Dave Harding is really the heart of Richmond Fontaine. He’s a huge music fan and an encylopedia of knowledge about it. He and I have been at this a long time and still there is no better guy to get a drink with. Plus he’s just a great, great bass player, my favorite bass player around.”
It is evident that these guys are the greatest possible of friends, who like nothing better than gruelling tours such as the one they undertook in Europe in the autumn:
“Hell, just getting to get out of the States was a huge success for us. Only
Sean had been to Europe. I’d never really left the States, nor
had the the other guys. So it was a great adventure. To think that I’d get to travel to the UK and to Ireland and Norway and Spain. Those are things you dream about but never think will really happen. And then to have people actually like our band was even more exciting, and the people we met were really nice and friendly and we all wanted to move to the country we were in at the time. If we were in Spain we’d all say, ‘we should just move here.’ And we’d talk about it and dream about it. It was the same in Ireland and everywhere else. So all in all, a real lucky break.”?

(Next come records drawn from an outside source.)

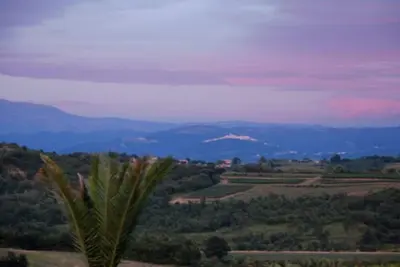 Image de Belle villa de luxe, piscine privée avec chauffage, vues fantastiques sur les vignobles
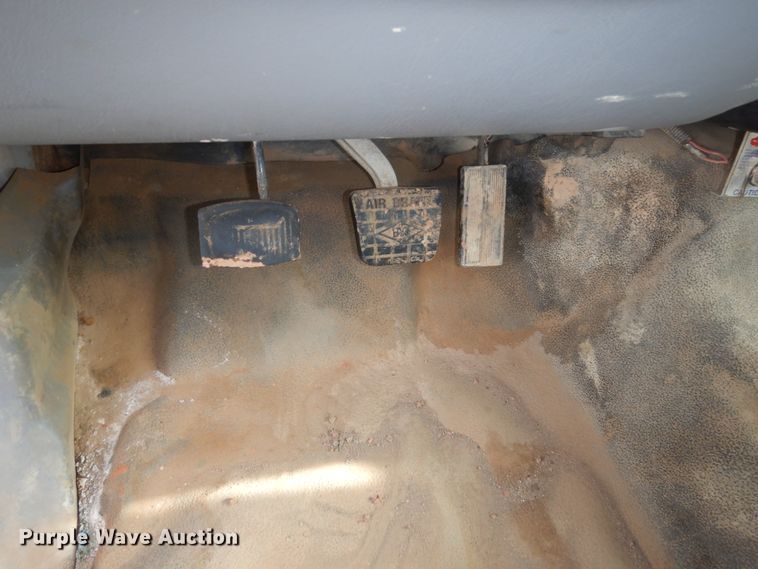 image for item FU9137 2000 Ford F650 Super Duty bucket truck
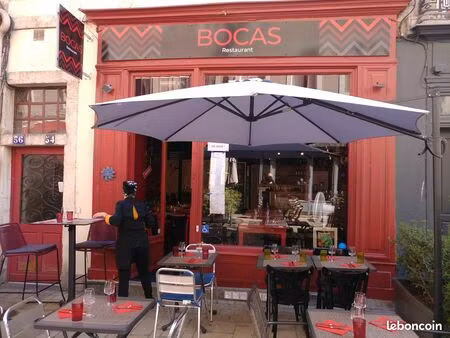 restaurant/bar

On the other hand, it takes much more than luck for a band to break through in such a dramatic way, and much of the credit must go to Willy’s episodic, story-telling style of songwriting:
“I write in a style of a narrator a lot of the time. I’m usually trying to tell
a story and I want the music to be the soundtrack for the lyrics.
That’s where the band is so great. They’re good at taking the folk song I bring them and changing it into something different altogether. The postcards came from when we’d be on the road in the States and I’d send my grandmother postcards from every town we’d go to. She was one of nicest people I knew so I could never tell her anything except about the weather or about what a great time I was having. That I was making money and being safe and that I wasn’t drinking too much and I was saving for my retirement. All lies, I hate to say. So I started writing these crazy postcards for fun, to let off steam. Walter (a character from the latest album, Post To Wire) came out of that. I get a little nuts on the road, and he’s one of those personalities that comes out after hanging out with the same four guys and drinking every day. Then when JD Foster, our producer, came, I told him about wanting to do a spoken word series on the record and he thought it was a good idea and we gave it a try.”
Anticipation is high for the band’s newly-completed seventh album, “The Fitzgerald”. Willy (who has also just been signed up for a book deal with Faber and Faber for his first novel) has an interesting explanation for why Richmond Fontaine’s progress up the slippery ladder of success has been so gradual:
“Right now we’re just practising and getting ready to eventually hit the road in the States. But all in all we’re taking it pretty easy. That’s how we’ve lasted so long, we just don’t work too hard.”